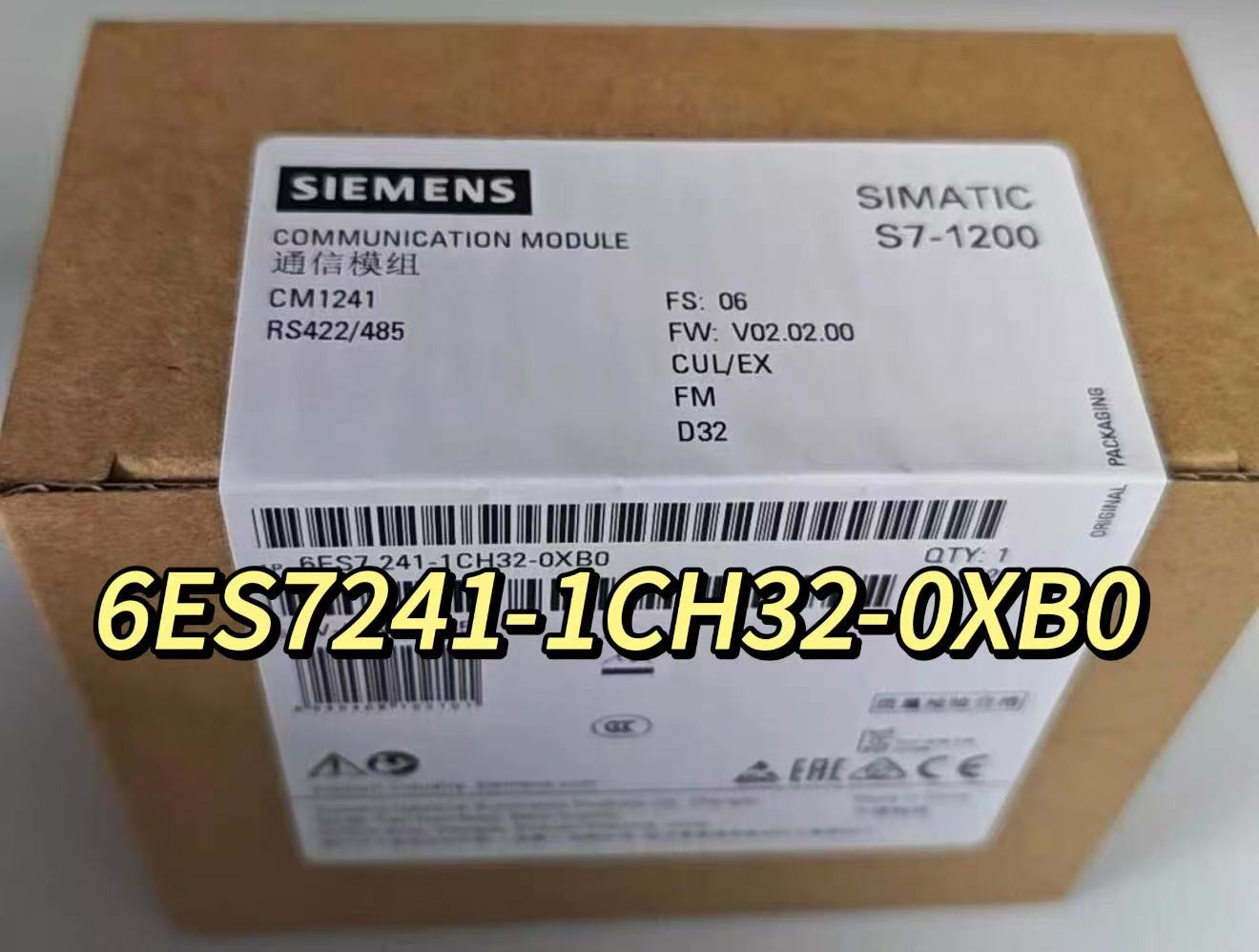 New for Siemens 6ES7241-1CH32-0XB0 6ES7 241-1CH32-0XB0 SIMATIC S7-1200 CM 1241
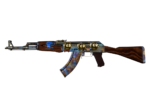 AK-47 STT | Case Hardened (Battle-Scarred) +TITAN HOLO
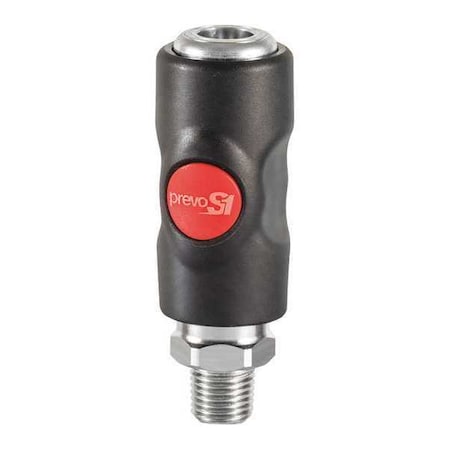 TruFlate Safety Coupler 1/4" MNPT by USA Prevost Pneumatic Hose Quick Connect Fittings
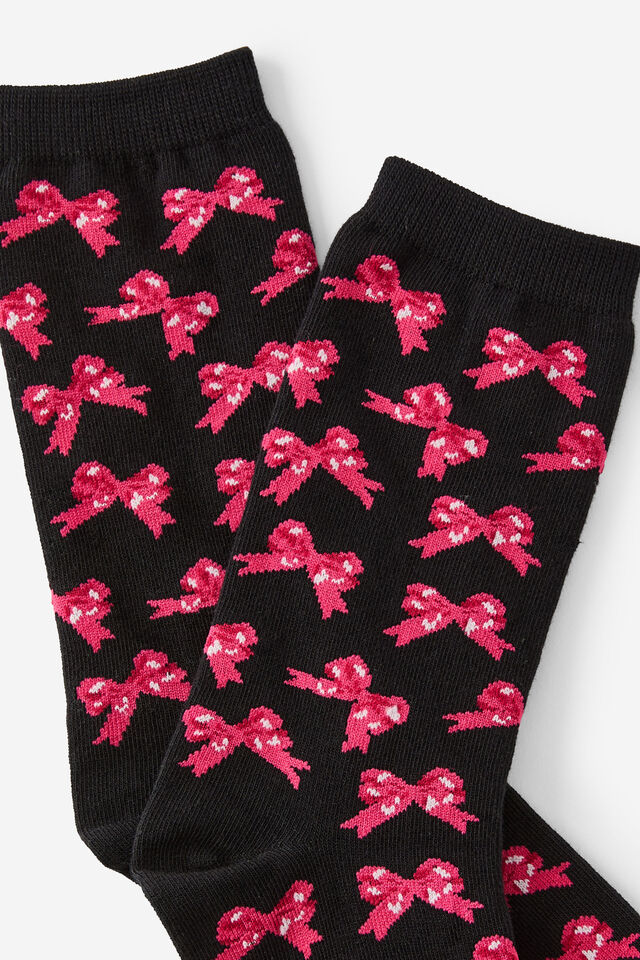 Socks, BLACK BOW YDG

=====

Return the data word for word without its pictures.

* RESULT BELOW:
 New for Siemens 6ES7241-1CH32-0XB0 6ES7 241-1CH32-0XB0 SIMATIC S7-1200 CM 1241
 AK-47 STT | Case Hardened (Battle-Scarred) +TITAN HOLO
 TruFlate Safety Coupler 1/4" MNPT by USA Prevost Pneumatic Hose Quick Connect Fittings
 Socks, BLACK BOW YDG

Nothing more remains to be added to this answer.